- [Task brief]:
The listing below must be repeated word for word, without its pictures.

- [Dataset section]:

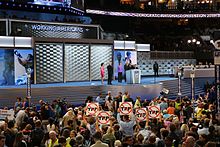 A group of delegates on the convention floor hold up signs in protest of the Trans-Pacific Partnership. 2016 DNC convention floor.jpg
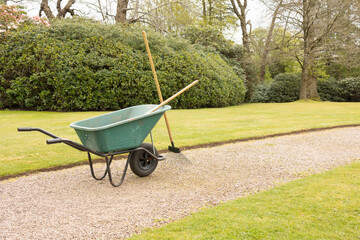 gardeners wheel barrow in green and tools on a gravel path and a well kept lawn	
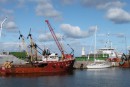 Canty at the wharf at Buckie. The crane is off-loading salt/sand.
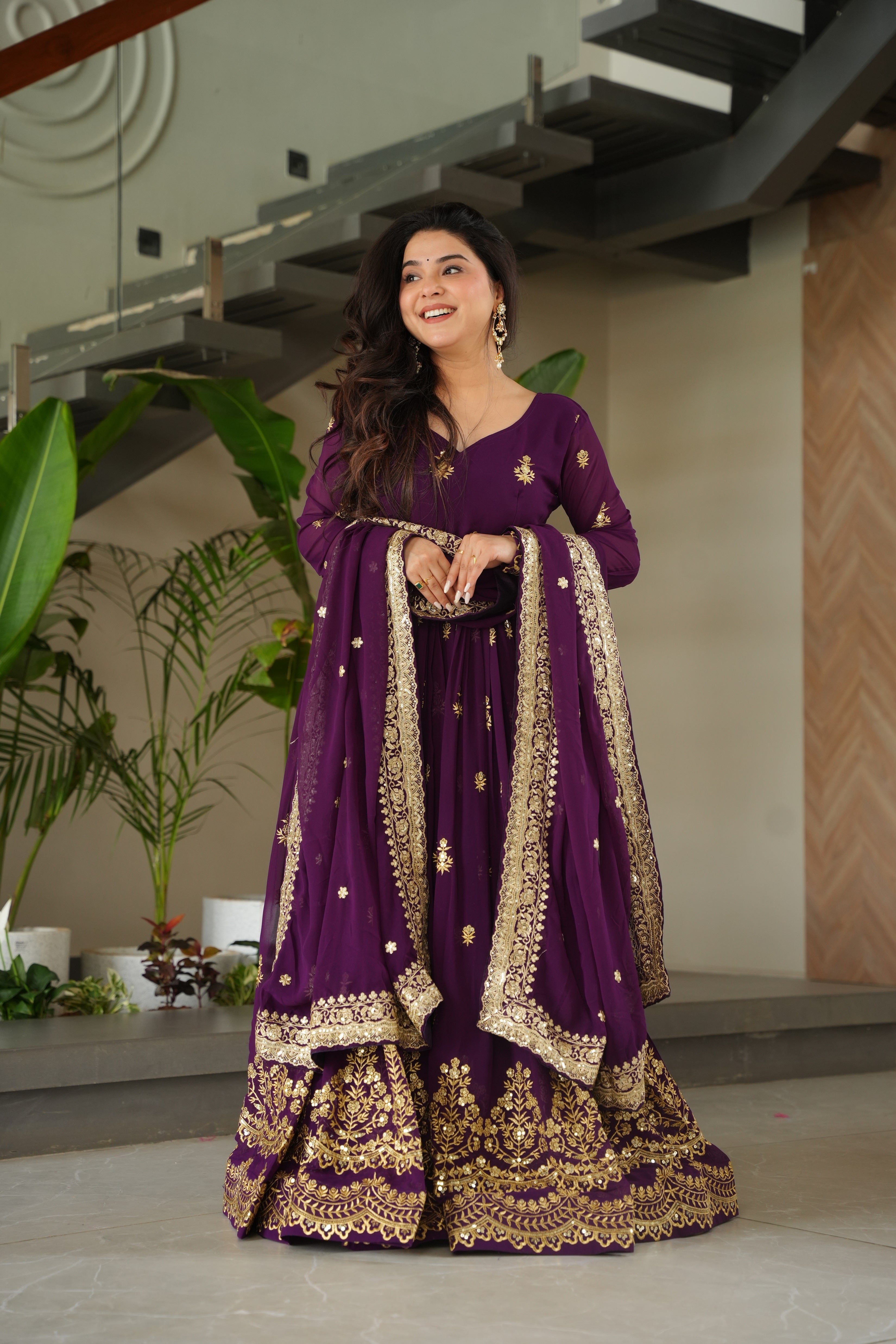 Rishita purple faux blooming zari sequins embroidered gown with dupatta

- [Result of this exercise]:
 A group of delegates on the convention floor hold up signs in protest of the Trans-Pacific Partnership. 2016 DNC convention floor.jpg
 gardeners wheel barrow in green and tools on a gravel path and a well kept lawn	
 Canty at the wharf at Buckie. The crane is off-loading salt/sand.
 Rishita purple faux blooming zari sequins embroidered gown with dupatta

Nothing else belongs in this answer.